World

U.S., Britain to stage cyber 'war games' later this year

British Prime Minister David Cameron says the U.S. and the U.K. will stage cyber "war games" this year to boost both countries' resistance to cyberattacks.

Exercises aimed to boost both countries' resistance to cyberattacks

President Barack Obama, right, walks with British Prime Minister David Cameron on the West Wing Colonnade of the White House, on Jan. 15, 2015, in Washington. U.S. and the U.K. will stage cyber "war games" this year to boost both countries' resistance to cyberattacks, Cameron said. (Evan Vucci/Associated Press)

Growing fears about the spectre of terrorism in Europe and the West are lending themselves to a sense of trans-Atlantic solidarity as President Barack Obama and British Prime Minister David Cameron meet at the White House.

Close and easy partners, Obama and Cameron have long touted their congenial relationship as a sign of the strong alliance between the U.S. and the U.K. During two days of meetings in Washington, the two are aiming to promote economic growth and global trade even as trickier issues like Islamic extremism and cybersecurity take over much of the agenda.

In conjunction with the visit, the two leaders are announcing plans to hold joint cyber "war games" starting later this year with a mock attack on banks.

Cameron arrived at the White House on Thursday evening, and after being greeted by Obama in the Oval Office, the two sat down for a working dinner of herb-encrusted lamb and pickled wild mushrooms, with warm pear cake for dessert. On Friday, they were to hold a more formal meeting in the Oval Office before taking questions from the American and British press.

Their meeting comes as both the U.S. and Europe are on edge over last week's terrorist attacks in France, where 17 people were slain in attacks spurred by a satirical newspaper's caricatures of the Prophet Muhammad. Fears of additional attacks by Islamic extremists only grew on Thursday when police in Belgium killed two suspects during an anti-terror raid launched to preempt what officials called a major impending attack.

"The terrorists know only how to destroy, but together we can do something infinitely more powerful: build security, strengthen justice and advance peace," Obama and Cameron wrote in The Times of London in a joint editorial ahead of their visit. "The United States and Britain will continue to work closely with all those who believe in peace and tolerance."

Yet the issue of cybersecurity, freshly relevant in the wake of a hack attack on Sony blamed on North Korea, threatened to test the ability of the two leaders to display a united front.

Ahead of the visit, Cameron announced that the U.S. and U.K. will stage cyber "war games" together and launch a joint "cyber cell," where officials from the FBI and the National Security Agency will team up with Britain's GCHQ and MI5 intelligence and security agencies to share information on cyberthreats. The first round of war games, scheduled for later this year, will simulate an attack on banks and the financial sectors in London and New York, with more exercises to follow later to test the resilience of national infrastructure.

"This is about pooling our effort so we stay one step ahead of those who seek to attack us," Cameron said.

Encrypted communications for surveillance an issue

But on the related issue of encryption, Cameron was coming to the White House with a request in hand.

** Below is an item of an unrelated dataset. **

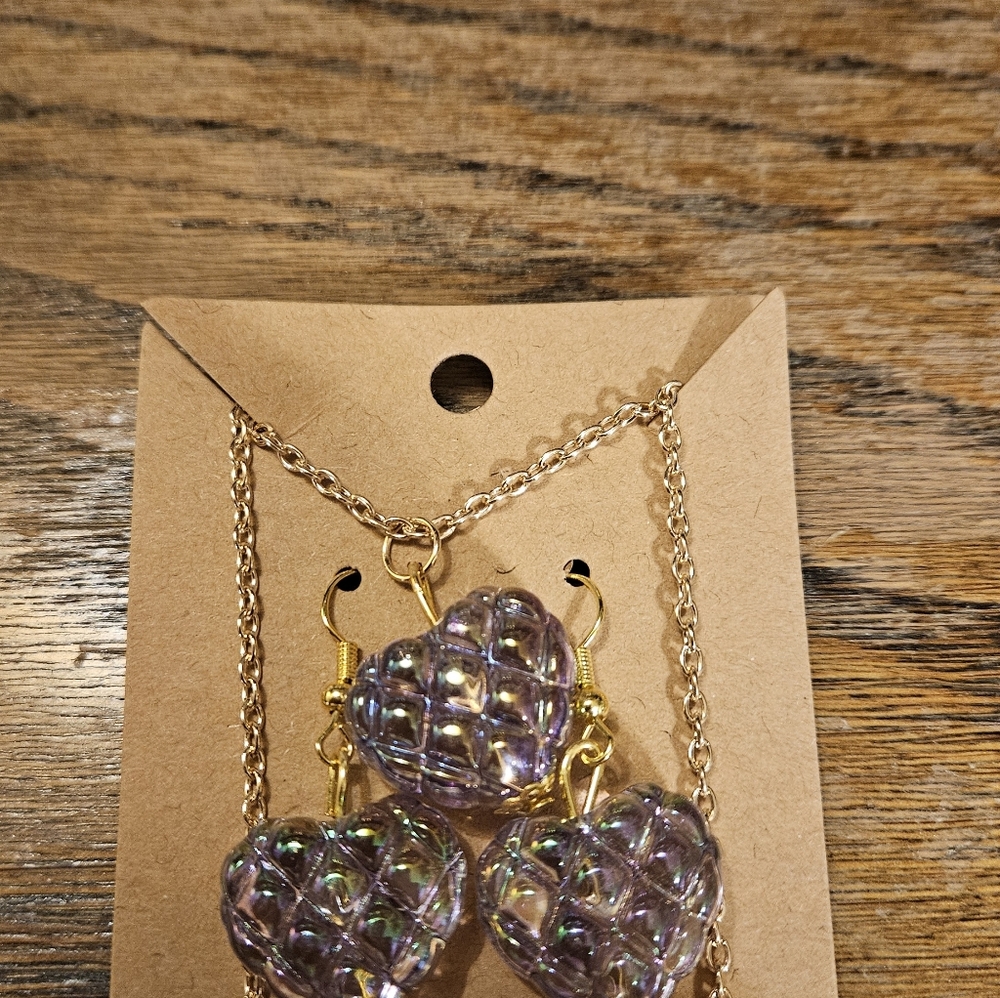 Clear/Purple'ish Heart Gold Tone Necklace And Earring Set - Picture 8 of 13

Cameron has said he plans to ask Obama to press U.S. technology companies like Google and Facebook to allow governments to snoop on encrypted communications.

Such notions hit a nerve in the U.S., where Obama was forced to order changes to U.S. intelligence collection practices after widespread outrage at revelations that the NSA was scooping up phone records of millions of Americans. Disclosures by former NSA systems analyst Edward Snowden also showed that several U.S. Internet businesses identified were giving NSA access to customer data.

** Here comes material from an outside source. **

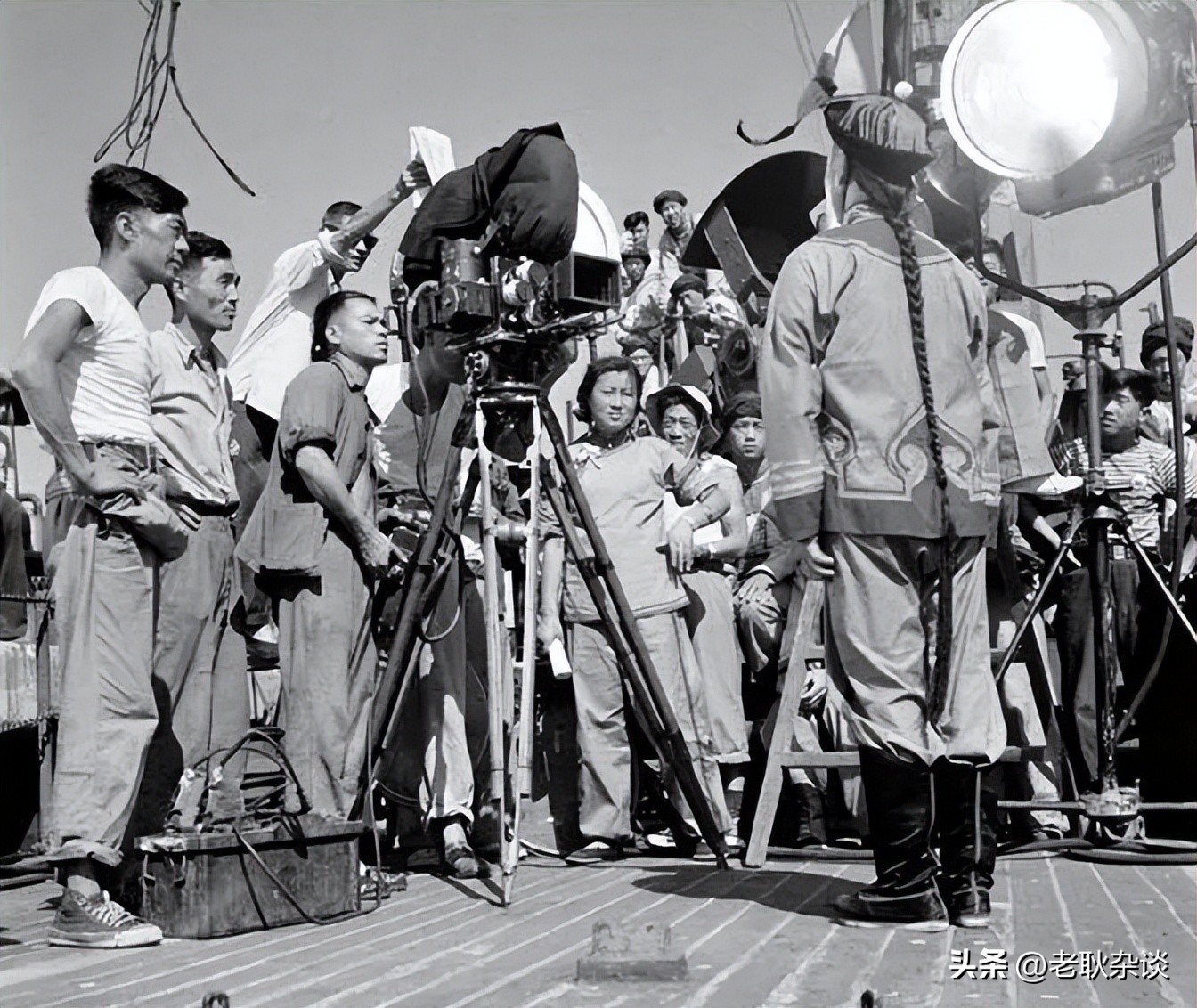 甲午风云邓世昌问为何不开炮,电影甲午风云李默然片段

White House spokesman Josh Earnest wouldn't say whether Obama would support a government "backdoor" to get around encryption and allow authorities to monitor communications that might be helpful to protect national security, but said the issue would surely come up in Obama's meeting with Cameron.

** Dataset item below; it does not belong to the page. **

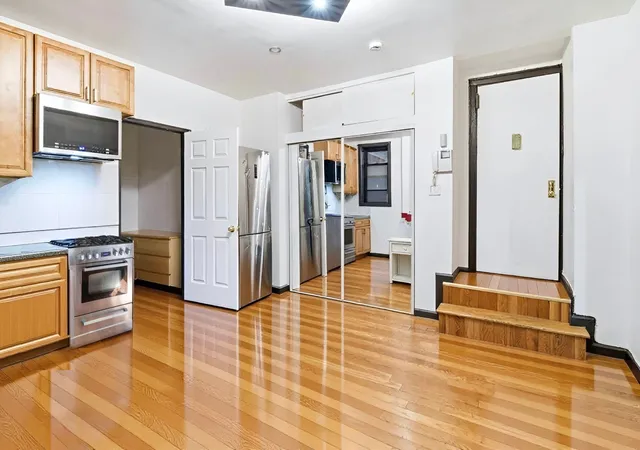 2nd image of 21 38 35th St #1C, Astoria, NY 11105 | MLS# RLS20076112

"I think our British counterparts would agree that it is imperative that we properly balance the need for government, intelligence agencies and national security agencies to access to certain kinds of information to try to protect their citizens," Earnest said.

Cameron, who faces a difficult re-election later this year, has sought to use his visit with Obama to showcase his close partnership with the American president. In 2012, amid his own re-election campaign, Obama hosted Cameron at the White House for an official state dinner.